PROVIDED DATA:
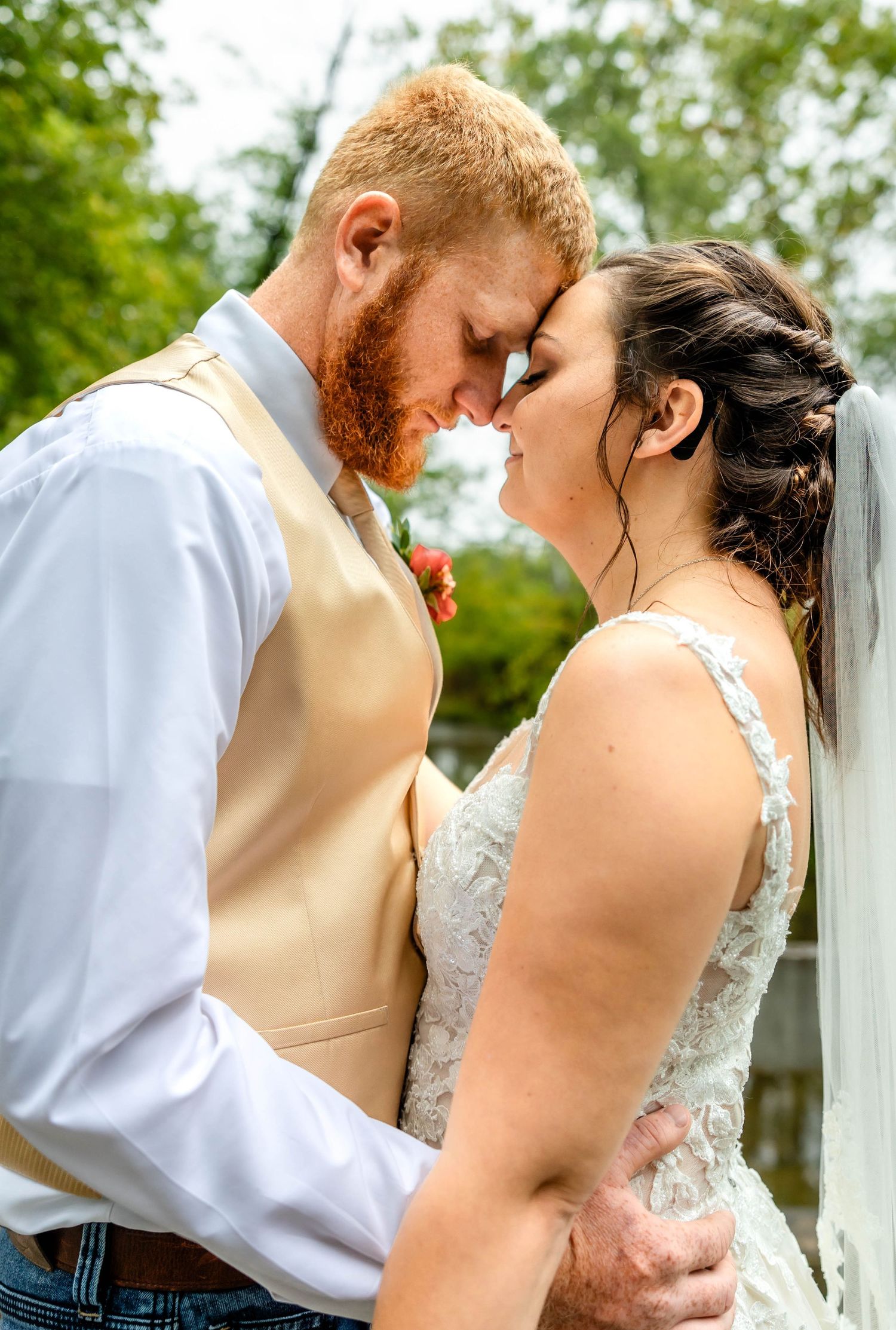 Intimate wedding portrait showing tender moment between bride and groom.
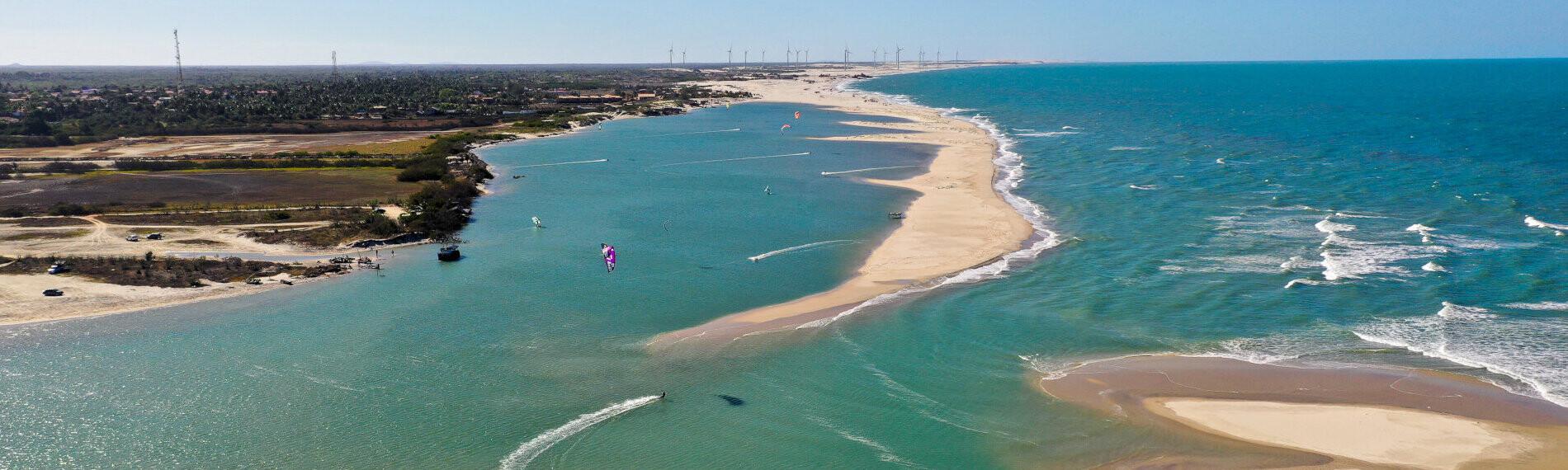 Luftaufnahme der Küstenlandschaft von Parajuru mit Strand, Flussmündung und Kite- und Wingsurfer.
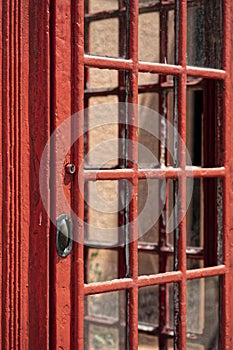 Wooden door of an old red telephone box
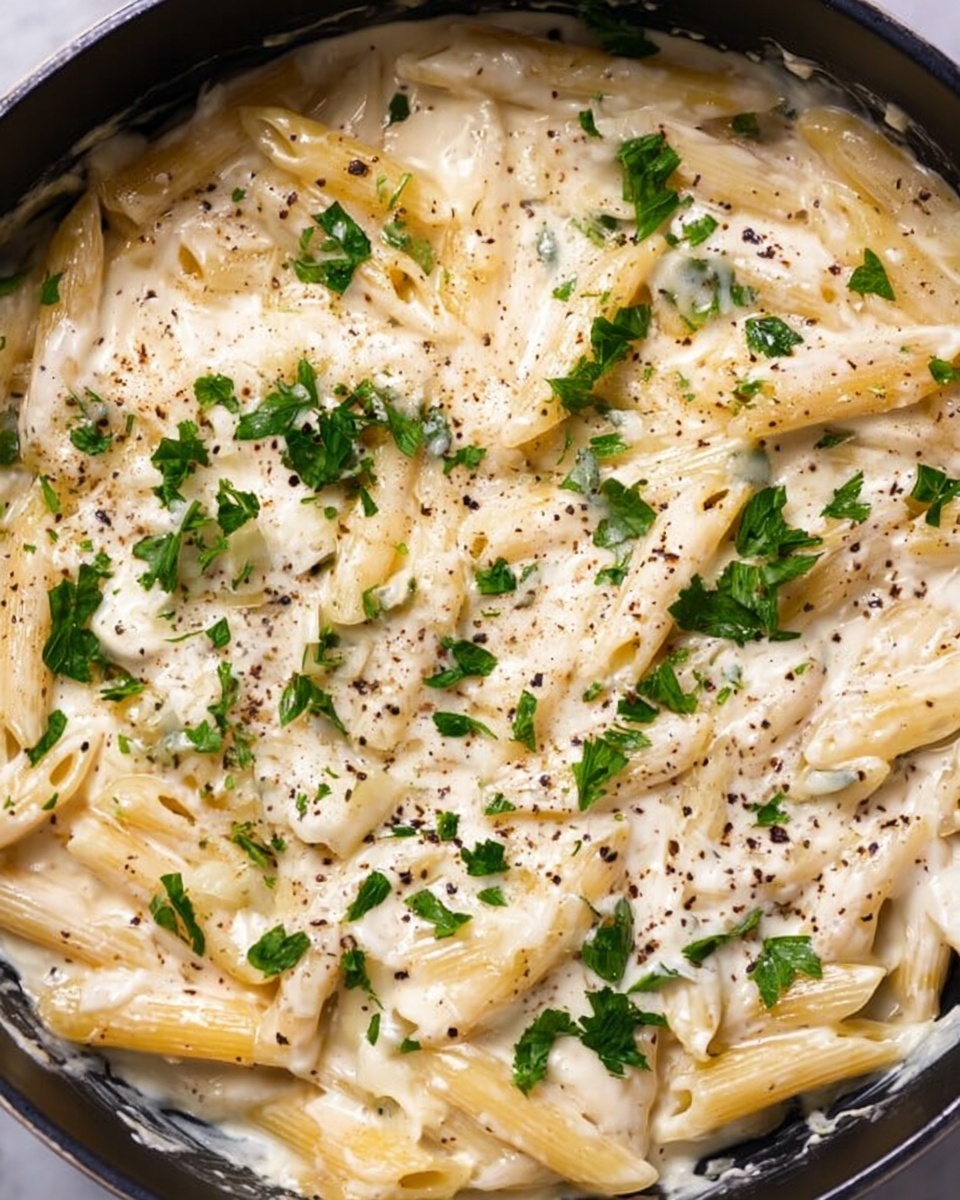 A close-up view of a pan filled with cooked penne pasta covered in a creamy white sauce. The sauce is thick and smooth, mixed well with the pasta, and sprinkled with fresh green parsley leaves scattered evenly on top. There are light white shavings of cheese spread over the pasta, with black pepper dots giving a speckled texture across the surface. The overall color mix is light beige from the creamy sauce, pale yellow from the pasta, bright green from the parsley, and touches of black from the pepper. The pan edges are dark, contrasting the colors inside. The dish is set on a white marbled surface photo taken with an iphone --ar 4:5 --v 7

ASSIGNMENT: Copy the lines above exactly. Do not include pictures.

EXPECTED ANSWER:
 Intimate wedding portrait showing tender moment between bride and groom.
 Luftaufnahme der Küstenlandschaft von Parajuru mit Strand, Flussmündung und Kite- und Wingsurfer.
 Wooden door of an old red telephone box
 A close-up view of a pan filled with cooked penne pasta covered in a creamy white sauce. The sauce is thick and smooth, mixed well with the pasta, and sprinkled with fresh green parsley leaves scattered evenly on top. There are light white shavings of cheese spread over the pasta, with black pepper dots giving a speckled texture across the surface. The overall color mix is light beige from the creamy sauce, pale yellow from the pasta, bright green from the parsley, and touches of black from the pepper. The pan edges are dark, contrasting the colors inside. The dish is set on a white marbled surface photo taken with an iphone --ar 4:5 --v 7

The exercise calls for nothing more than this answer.